Thanks for your support and input again @vcballbat too - virtual drink token for you ;)
@Woz Are you sorted now?
 
@Woz Are you sorted now?

Not yet. The options are in best order:

1) Replacement Huret ring. There's one for sale at a daft 100 € which I won't buy.
2) A suitable double ring replacement for the entire Huret. I've got a few options but not many.
- Newer low end Simplex or the relatively unheard of Liftel or Solida could work. Something very early 1960s.
3) A replacement period crank and use the Simplex rings.
- An older Durax, Duprat or Nervar crank set seem to marry well with the Simplex rings looking at photos.
- A Stronglight crank built for a double like mentioned above.

I've successfully mounted the Simplex rings on a 1978 Peugeot crank from the 10 speed era, the DS crank had to be bored out a little at the end to fit on the Torevess axle which tapers ever so slightly from the fixed cup. I then hit a snag over cotter-pins* (a royal pain, but could be solved). Everything cleared fine and the chain line looked totally spot on. I just don't like the look of the crank but it's an option. I'm not too fond of spacers to be honest.

I'm constantly scanning for an alternative complete chainset set-up because then I would assume it all fits together and works; another donor bike could be interesting. Of course I could sack the whole lot off, run with either a single ring or upgrade to square taper. * I'll make a specific post about this.
 
Not yet. The options are in best order:

1) Replacement Huret ring. There's one for sale at a daft 100 € which I won't buy.
2) A suitable double ring replacement for the entire Huret. I've got a few options but not many.
- Newer low end Simplex or the relatively unheard of Liftel or Solida could work. Something very early 1960s.
3) A replacement period crank and use the Simplex rings.
- An older Durax, Duprat or Nervar crank set seem to marry well with the Simplex rings looking at photos.
- A Stronglight crank built for a double like mentioned above.

I've successfully mounted the Simplex rings on a 1978 Peugeot crank from the 10 speed era, the DS crank had to be bored out a little at the end to fit on the Torevess axle which tapers ever so slightly from the fixed cup.
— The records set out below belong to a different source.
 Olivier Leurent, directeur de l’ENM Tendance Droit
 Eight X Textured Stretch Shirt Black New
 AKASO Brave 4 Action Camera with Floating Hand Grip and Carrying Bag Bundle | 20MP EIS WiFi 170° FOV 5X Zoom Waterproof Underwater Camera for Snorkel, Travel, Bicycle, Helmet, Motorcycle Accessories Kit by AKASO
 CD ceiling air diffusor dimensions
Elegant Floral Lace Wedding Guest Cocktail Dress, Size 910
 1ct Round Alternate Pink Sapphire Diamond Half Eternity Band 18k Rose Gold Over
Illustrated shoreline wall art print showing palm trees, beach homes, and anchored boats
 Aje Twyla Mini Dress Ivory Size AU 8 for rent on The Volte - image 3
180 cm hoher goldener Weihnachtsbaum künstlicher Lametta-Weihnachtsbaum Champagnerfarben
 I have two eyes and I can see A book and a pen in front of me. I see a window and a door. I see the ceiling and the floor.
I then hit a snag over cotter-pins* (a royal pain, but could be solved). Everything cleared fine and the chain line looked totally spot on. I just don't like the look of the crank but it's an option. I'm not too fond of spacers to be honest.

I'm constantly scanning for an alternative complete chainset set-up because then I would assume it all fits together and works; another donor bike could be interesting. Of course I could sack the whole lot off, run with either a single ring or upgrade to square taper. * I'll make a specific post about this.
Number 1 plan B .... find a local welding and fabrication workshop and have the ring Mig or Tig welded 👍
 
Update to this crank business for the nerds at the asylum. Feels like I've been a bit of a "myth buster" to be honest.
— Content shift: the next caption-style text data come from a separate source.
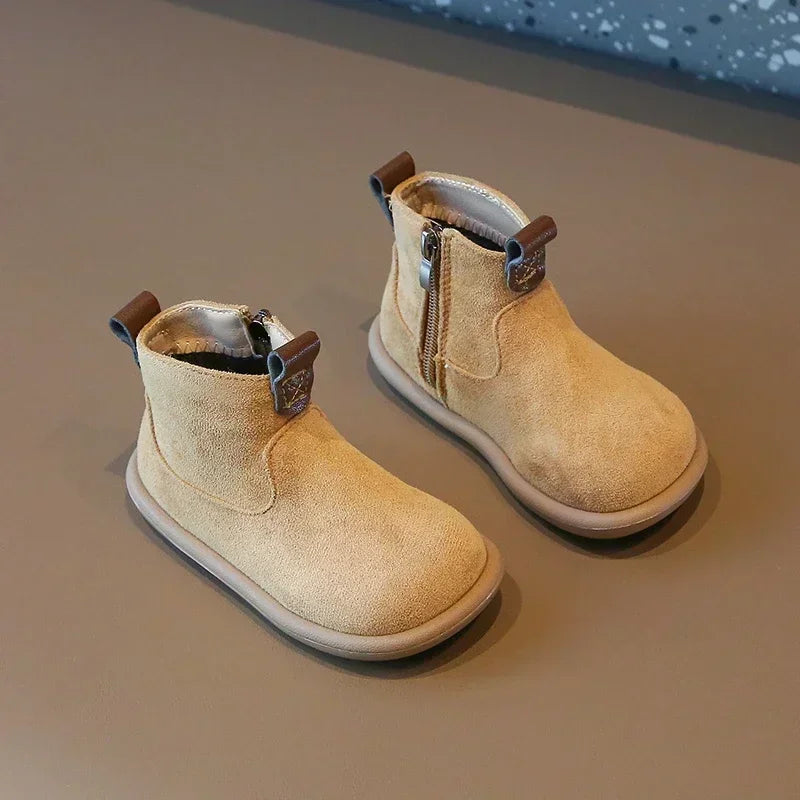 Kids Suede Ankle Boots – Anti-Slip Zip-Up for Boys & Girls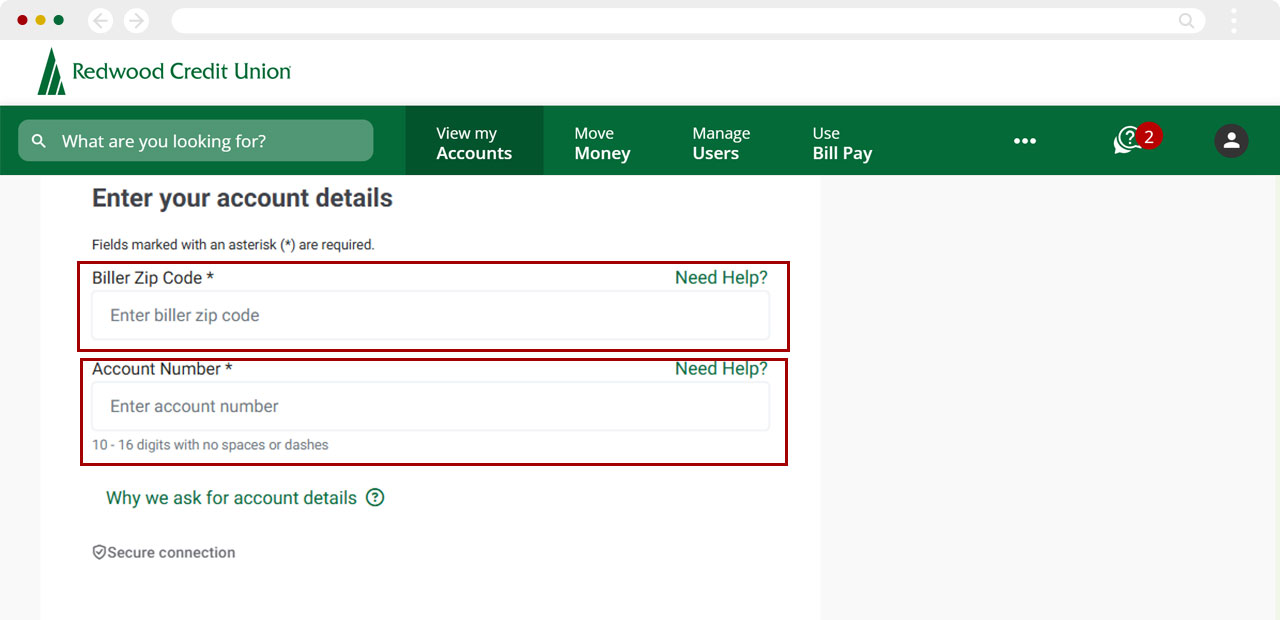 Bill Center: How to add a new biller desktop step 4
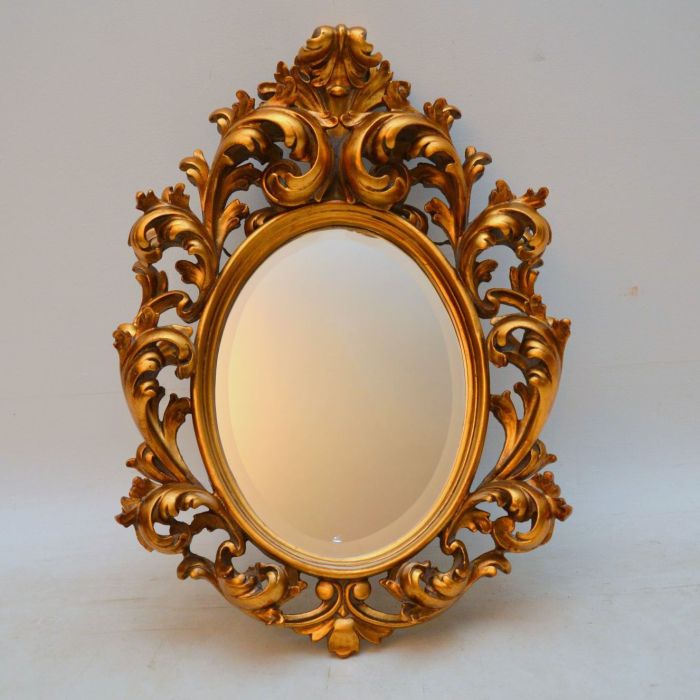 antique gilt wood mirror 1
This is what I think / found:

- In this period early 50s, on a racing bike with cotter-pins, Stronglight was not ruling the roost. The Stronglight Competion - Simplex chainring combination is largely not heard-of and used, because as I found it doesn't work. This type of set-up with Eclair or Cyclo or Huret rings seems to be the default.

1685609799323.png

- At some point mid 50s, the Stronglight Competition crank was updated to fit the Simplex rings properly. It's hard to see, but the crank spider is driven further inboard compared to the above. I believe this was a short lived version (as mentioned seen in the 1958 catalogue), and they seem rare. I think by this time Stronglight was gaining a reputation having invented the square taper and more reliable aluminium being used. I see there was still a potential market though for people who were not trusting aluminium, but the racing boys I think had moved on.

1685610640322.png


- The almost de-facto cranks used with Simplex rings are DURAX - and not every DURAX crank works either in this new exciting period of front derailleurs. There is a superb photostream here by a chap on Tontonvelo that show's unrestored and restored bikes from this period and is a great resource to help understand what is going on. Here you can see the backside of an early DURAX crank machined out to clear the front derailleur and solve the Simplex chain ring problem - about 1947: 🤪 o_O:oops:

1685610260019.png

- Later, here you can clearly see a top-end DURAX crank specifically made with the Simplex chain rings in mind. I'm guessing this would have worked and have been used in the early 10 speed Tour de France rear derailleur era . Again these are rare, but it demonstrates how it worked.

1685611501417.png 1685611529826.png


For my own build, sourcing any of the above in reasonable condition (patina is OK) and reasonable prices has proven to be a pain. Three sellers have not got back to me about measurements or offers. These items are generally rare, and because they were intended for lightweight builds and racing many have not survived. I've also noted it is a real problem for others too, especially finding chain rings in smaller sizes more suitable to using these bikes for recreation riding.

I'm expecting a delivery of a late 1950s Solida single ring crankset next week. They were found on many high end Motobecances in single ring or double ring. Supply is much more plentiful since production went into the mid/late 60s too - it's worth a try at least. My hope / thinking is that since they were designed to clear chain guards and front derailleurs it may work out - it will be a tight fit with the Simplex rings but may just be enough.

1685613588272.png
 
Oh yeah - another point about the DURAX vs. Stronglight is that the latter certainly made cotter pin cranks with BSC pedal threads. I've found no evidence DURAX did. The DURAX set-up with Simplex rings probably had died out in France by the mid to late 50s at a guess (for serious racing).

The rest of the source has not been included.